2.2.2. Key ownership

Distributed caches split entries into a fixed number of segments and assign each segment to a list of owner nodes. Replicated caches do the same, with the exception that every node is an owner.

The first node in the list of owners is the primary owner. The other nodes in the list are backup owners. When the cache topology changes, because a node joins or leaves the cluster, the segment ownership table is broadcast to every node. This allows nodes to locate keys without making multicast requests or maintaining metadata for each key.

The numSegments property configures the number of segments available. However, the number of segments cannot change unless the cluster is restarted.

Likewise the key-to-segment mapping cannot change. Keys must always map to the same segments regardless of cluster topology changes. It is important that the key-to-segment mapping evenly distributes the number of segments allocated to each node while minimizing the number of segments that must move when the cluster topology changes.

Consistent hash factory implementationDescription

SyncConsistentHashFactory

Uses an algorithm based on consistent hashing. Selected by default when server hinting is disabled.

This implementation always assigns keys to the same nodes in every cache as long as the cluster is symmetric. In other words, all caches run on all nodes. This implementation does have some negative points in that the load distribution is slightly uneven. It also moves more segments than strictly necessary on a join or leave.

TopologyAwareSyncConsistentHashFactory

Equivalent to SyncConsistentHashFactory but used with server hinting to distribute data across the topology so that backed up copies of data are stored on different nodes in the topology than the primary owners. This is the default consistent hashing implementation with server hinting.

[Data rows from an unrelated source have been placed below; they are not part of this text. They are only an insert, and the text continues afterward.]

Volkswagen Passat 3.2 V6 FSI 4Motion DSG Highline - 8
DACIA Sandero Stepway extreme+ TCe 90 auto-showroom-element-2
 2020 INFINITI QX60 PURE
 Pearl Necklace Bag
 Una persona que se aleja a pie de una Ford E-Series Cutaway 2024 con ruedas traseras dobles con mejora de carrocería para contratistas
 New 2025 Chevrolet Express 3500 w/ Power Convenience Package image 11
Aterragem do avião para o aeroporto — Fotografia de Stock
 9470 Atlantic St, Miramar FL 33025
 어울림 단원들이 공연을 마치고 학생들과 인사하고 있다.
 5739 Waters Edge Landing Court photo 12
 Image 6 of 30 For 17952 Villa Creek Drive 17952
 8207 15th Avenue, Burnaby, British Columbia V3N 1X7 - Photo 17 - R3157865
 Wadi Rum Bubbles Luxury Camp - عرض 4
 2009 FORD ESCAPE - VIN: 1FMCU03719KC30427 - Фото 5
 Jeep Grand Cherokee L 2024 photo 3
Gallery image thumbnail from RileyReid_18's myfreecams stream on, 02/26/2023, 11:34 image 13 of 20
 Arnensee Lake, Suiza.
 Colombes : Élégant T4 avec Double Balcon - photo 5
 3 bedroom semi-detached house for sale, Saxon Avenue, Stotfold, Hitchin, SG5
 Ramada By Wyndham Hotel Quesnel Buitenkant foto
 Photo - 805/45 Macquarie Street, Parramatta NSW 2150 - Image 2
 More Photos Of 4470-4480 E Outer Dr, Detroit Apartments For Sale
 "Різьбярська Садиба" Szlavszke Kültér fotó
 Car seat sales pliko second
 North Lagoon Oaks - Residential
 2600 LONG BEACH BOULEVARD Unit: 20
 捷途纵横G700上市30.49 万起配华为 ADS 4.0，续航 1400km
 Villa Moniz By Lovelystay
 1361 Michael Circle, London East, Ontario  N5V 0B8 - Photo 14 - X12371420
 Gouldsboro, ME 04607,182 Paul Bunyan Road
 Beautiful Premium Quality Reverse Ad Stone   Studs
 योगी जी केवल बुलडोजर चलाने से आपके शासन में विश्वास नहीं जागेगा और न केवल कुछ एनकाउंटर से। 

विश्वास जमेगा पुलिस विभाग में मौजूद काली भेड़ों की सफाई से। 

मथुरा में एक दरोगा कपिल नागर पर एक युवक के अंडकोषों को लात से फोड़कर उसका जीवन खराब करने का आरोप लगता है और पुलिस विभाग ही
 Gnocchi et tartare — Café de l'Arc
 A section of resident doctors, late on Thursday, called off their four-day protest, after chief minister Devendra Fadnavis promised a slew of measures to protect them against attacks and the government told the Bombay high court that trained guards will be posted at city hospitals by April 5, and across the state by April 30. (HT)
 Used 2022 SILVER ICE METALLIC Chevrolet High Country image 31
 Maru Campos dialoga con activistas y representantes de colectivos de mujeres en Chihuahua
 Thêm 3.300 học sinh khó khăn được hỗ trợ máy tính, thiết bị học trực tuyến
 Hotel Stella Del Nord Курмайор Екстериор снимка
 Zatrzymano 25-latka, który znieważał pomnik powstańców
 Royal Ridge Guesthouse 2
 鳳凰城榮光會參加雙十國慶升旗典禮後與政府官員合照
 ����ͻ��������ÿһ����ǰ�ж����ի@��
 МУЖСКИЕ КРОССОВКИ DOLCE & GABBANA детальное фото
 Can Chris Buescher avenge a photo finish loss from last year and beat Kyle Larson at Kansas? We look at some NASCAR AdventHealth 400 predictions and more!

DefaultConsistentHashFactory

Achieves a more even distribution than SyncConsistentHashFactory, but with one disadvantage. The order in which nodes join the cluster determines which nodes own which segments. As a result, keys might be assigned to different nodes in different caches.

TopologyAwareConsistentHashFactory

Equivalent to DefaultConsistentHashFactory but used with server hinting to distribute data across the topology so that backed up copies of data are stored on different nodes in the topology than the primary owners.

ReplicatedConsistentHashFactory

Used internally to implement replicated caches. You should never explicitly select this algorithm in a distributed cache.

Hashing configuration

You can configure ConsistentHashFactory implementations, including custom ones, with embedded caches only.

XML

<distributed-cache name="distributedCache"
                   owners="2"
                   segments="100"
                   capacity-factor="2" />

ConfigurationBuilder

Configuration c = new ConfigurationBuilder()
   .clustering()
      .cacheMode(CacheMode.DIST_SYNC)
      .hash()
         .numOwners(2)
         .numSegments(100)
         .capacityFactor(2)
   .build();

Additional resources

2.2.3. Capacity factors

Capacity factors allocate the number of segments based on resources available to each node in the cluster.

The capacity factor for a node applies to segments for which that node is both the primary owner and backup owner. In other words, the capacity factor specifies is the total capacity that a node has in comparison to other nodes in the cluster.

The default value is 1 which means that all nodes in the cluster have an equal capacity and Data Grid allocates the same number of segments to all nodes in the cluster.

However, if nodes have different amounts of memory available to them, you can configure the capacity factor so that the Data Grid hashing algorithm assigns each node a number of segments weighted by its capacity.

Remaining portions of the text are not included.